A Labour MP has threatened Google with a grilling over its tax avoidance before the Treasury Select Committee, although the search giant maintains its tiny tax payment in the UK is perfectly legal.
“I think it would be highly appropriate to pull a Google executive in front of the Committee to justify their failure to pay proper taxes,” said John Mann, MP for Bassetlaw, after it emerged last week that in the UK the Google tax bill was only £6 million on revenues of £395 million in this country.
Senior Google executives could be called in before Easter, Mann told The Independent, describing Google’s British tax arrangements as “entirely immoral”, even though Google maintains it uses a completely legal mechanism to reduce its tax liability in this country.
The Google tax avoidance tactic is to operate its UK business as an agent for its business in Ireland, so it is only liable for UK tax on a ten percent commission on its revenue.
From Ireland, Google revenues are funnelled to Bermuda as a licensing fee to its division there, so most of its turnover goes through the tax haven, a legal process to which Mann objects. Because Bermuda is a British dependency, which Britain provides with defence, British tax payers are in effect “paying twice because we are paying for Bermuda,” he said.
Mr Mann was not available to expand on his views, but Google chairman Eric Schmidt has previously said his hands are tied, as the scheme is legal. Google is bound to seek out the best deal, and to pay more tax voluntarily would most likely not be approved by Google shareholders.
Meanwhile, Internet retail giant Amazon faces an investigation by HM Revenue and Customs after paying no corporation tax on its £3.3 billion UK sales in 2011.
HMRC, which has been using web robots to find tax cheats, recently launched an app to help people understand their taxes and where their money is spent, but it crashed just one day after its launch.

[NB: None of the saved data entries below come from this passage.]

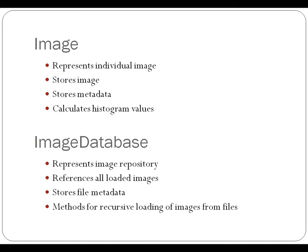And it calculates and stores the histogram values for the image as each image is loaded.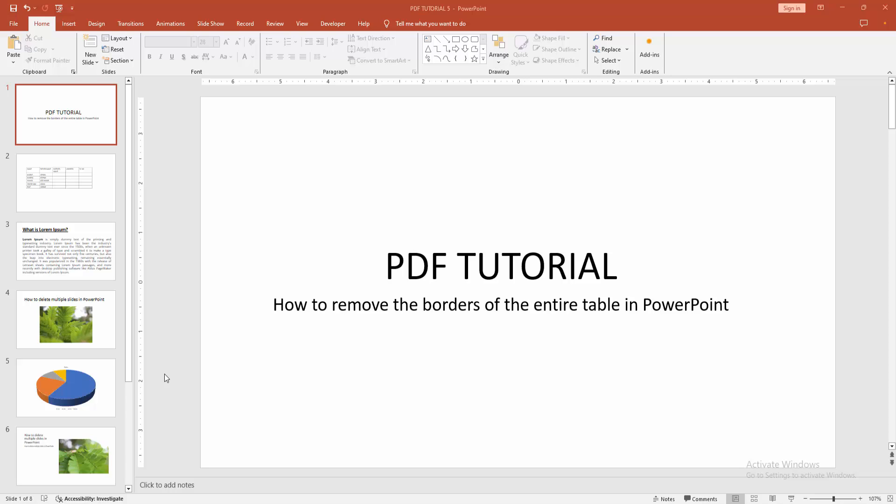Assalamu alaikum, hello friends, how are you? Welcome back to another video. In this video I am going to show you how to remove the borders of the entire table in PowerPoint. Let's get started.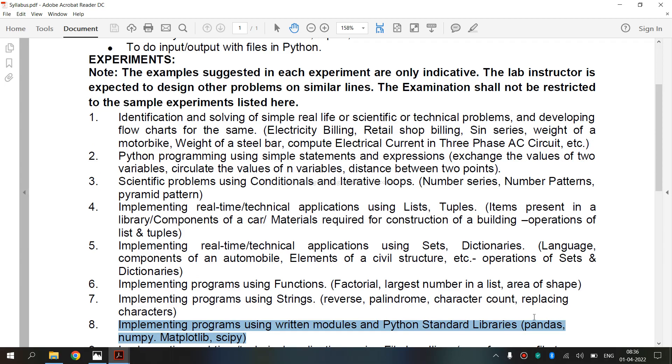Before entering into the topic, let's see what is a module. Modules refer to files containing Python statements and definitions. A file containing Python code, for example, example.py, is called a module and its module name would be example.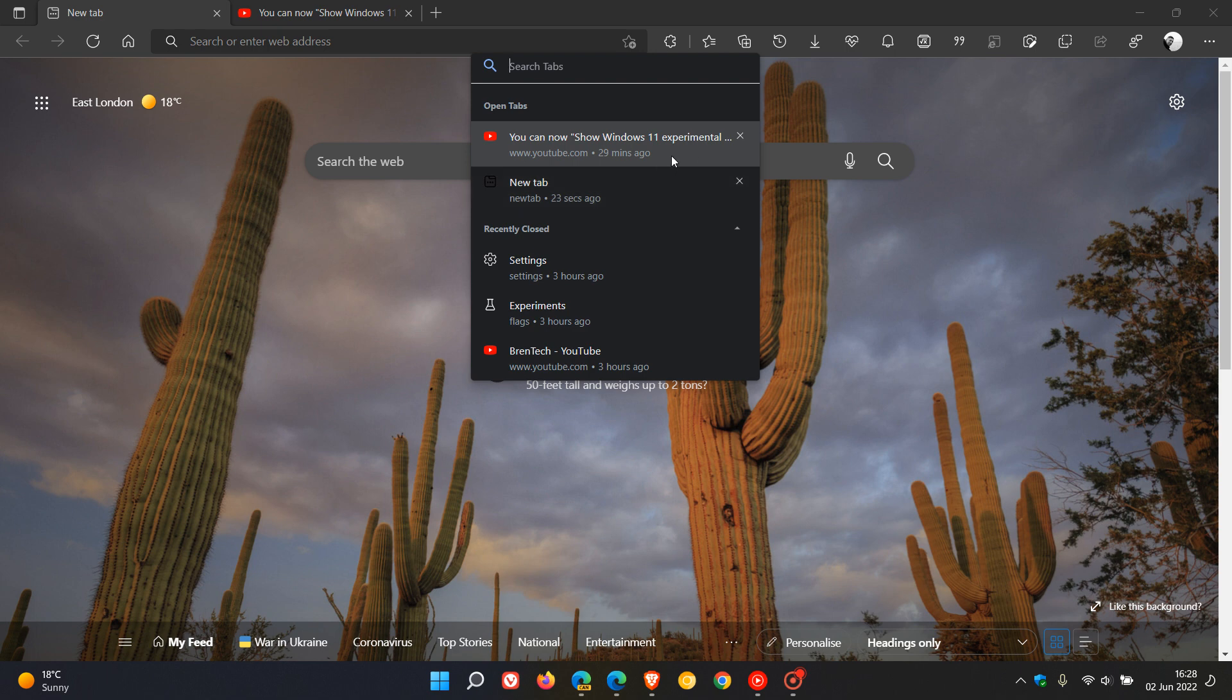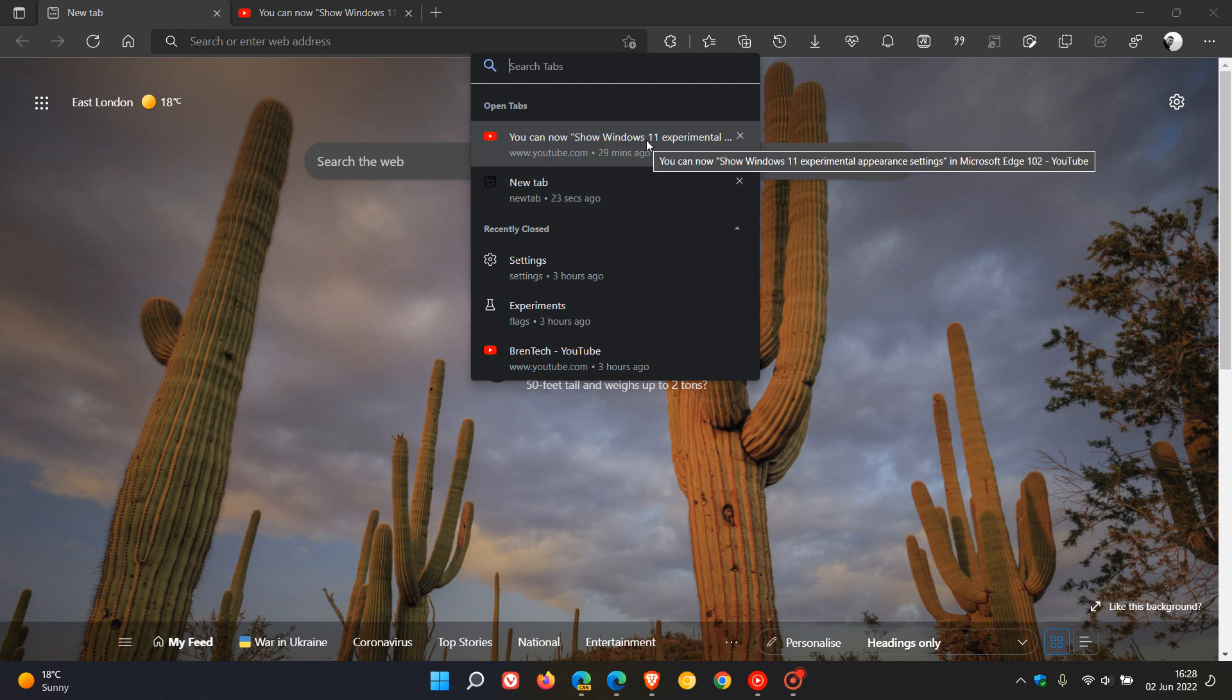And at first glance, this just makes it a little bit more difficult to see which is a normal tab and which is a tab that is playing media.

“We comply with all the tax rules in the UK,” a Google spokesperson told TechWeekEurope. “We make a big contribution to the UK economy by employing over a thousand people, helping hundreds of thousands of businesses to grow online and investing millions supporting new tech businesses in East London.”
An online petition protesting Google’s tax avoidance has reached 45000 signatures out of a target of 50,000.